Stormwater and Drainage

What We Do

Safely convey urban runoff to the Big Sioux River through storm sewers, open channel drainageways, and Best Management Practices (BMP’s) including in-stream storm water detention and retention basins that are in compliance with EPA regulations.

Division Summary

The City established a storm drainage fee in 1982 as a charge on real estate property to fund the operation, maintenance, and capital expense of the storm sewer and drainage system. This fee is based on lot area, runoff weighting factor, and unit financial charge. Proceeds from this fee are used to fund the various activities of Public Works personnel involved in drainage projects.

The storm drainage fee annually generates over $10 million in revenue to fund various City drainage projects. The City currently owns and maintains over 570 miles of storm sewer and drainage channels, approximately 200 detention and/or water quality ponds, and over 114 miles of sump pump collection pipe.

The Drainage System Cost Recovery (DSCR) continues to fund initiatives to design and construct regional Best Management Practices (BMP’s) while the Regional Detention Charge (RDC) provides the funds necessary to purchase real estate necessary for the construction of regional BMP’s. The DSCR and RDC are intended to provide the resources necessary for the construction of stormwater management facilities for new developments and significant redevelopments. 

Stormwater Hotline

Only Rain to Drain – Stormwater Awareness

The Big Sioux River provides great benefit to our community. Let’s do our part to keep this vital resource clean. Report illicit discharges to the City storm sewer at 605-367-8198.

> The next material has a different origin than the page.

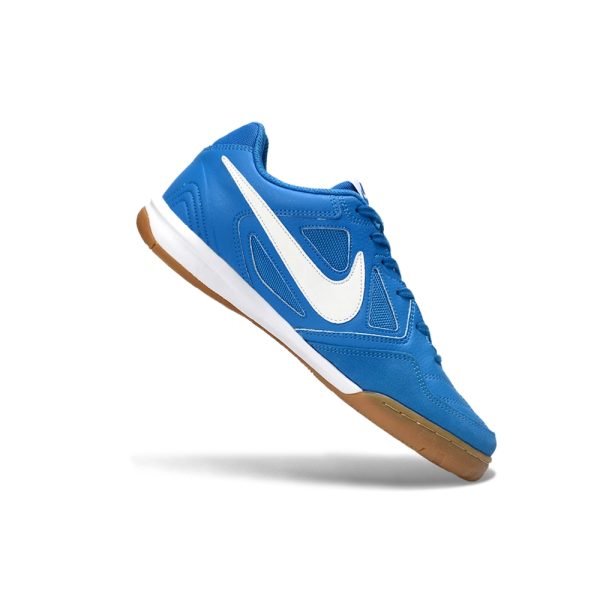 Chuteira Futsal NIKE SB Gato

Only Rain to Drain – Stormwater Information and Helpful Hints

Active Projects

Inlet Rehab

Inlet Rehab at Various Locations

Each year, the City of Sioux Falls designs and bids a project to repair or replace damaged and outdated portions of the City’s storm sewer system. The storm sewer system is continuously inspected for deficiencies and maintenance needs. Based on these inspections, several improvements are designed and constructed annually. Work typically consists of replacing inlets and junction boxes, replacing concrete aprons, repairing storm sewer joints, and other miscellaneous storm sewer improvements.

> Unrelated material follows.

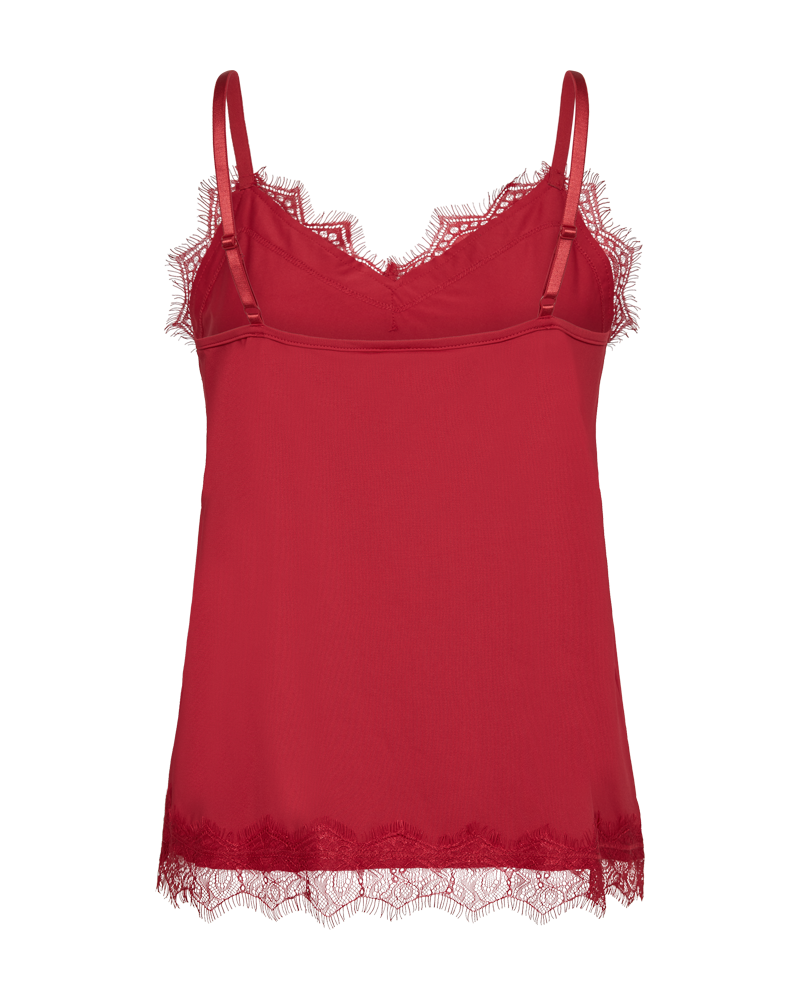 Spetslinne Bicco | Chili pepper - 2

Sump Pump Collection System Retrofit

Sump Pump Collection System Retrofit

To remove nuisance sump pump discharge in existing neighborhoods, the City may install a collection system. The collector pipes are directional bored between the curb and sidewalk to minimize yard disturbance.  The homeowners creating the nuisance discharge will be required to connect their hose to the system.  City Engineering determines the neighborhoods for improvement based on the amount of nuisance and petitioning signatures.